Впереди по белой от лунного света дороге медленно брели две мужские фигуры. Ольга Александровна мгновение смотрела на одну из них – повыше и потоньше, чуть прихрамывающую, – потом пожала плечами и, опираясь на руку лакея, взошла в карету. Устроилась поудобнее:
– Гони!
Откинулась на спинку диванчика, глядя прямо вперед, хотя так и тянуло отдернуть шторку на плотно завешенном окне.
Кончено – так кончено.

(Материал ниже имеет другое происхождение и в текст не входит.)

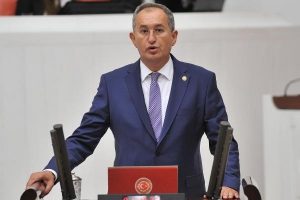 CHP'li Sertel: Devlet kasasından şampiyonayı izleyenler kimler?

Возврата нет. Каждый должен покориться своей судьбе! Как это говорили мудрые, погибшие от собственной мудрости древние римляне? «Покорного судьбы влекут, строптивого – волокут!» Истинно так.
Эпилог
Платон Зубов попытался поздней женитьбой на миловидной польке утешиться и найти утраченное душевное равновесие. Затем он предпринял обещанное заграничное путешествие и скончался в безвестности.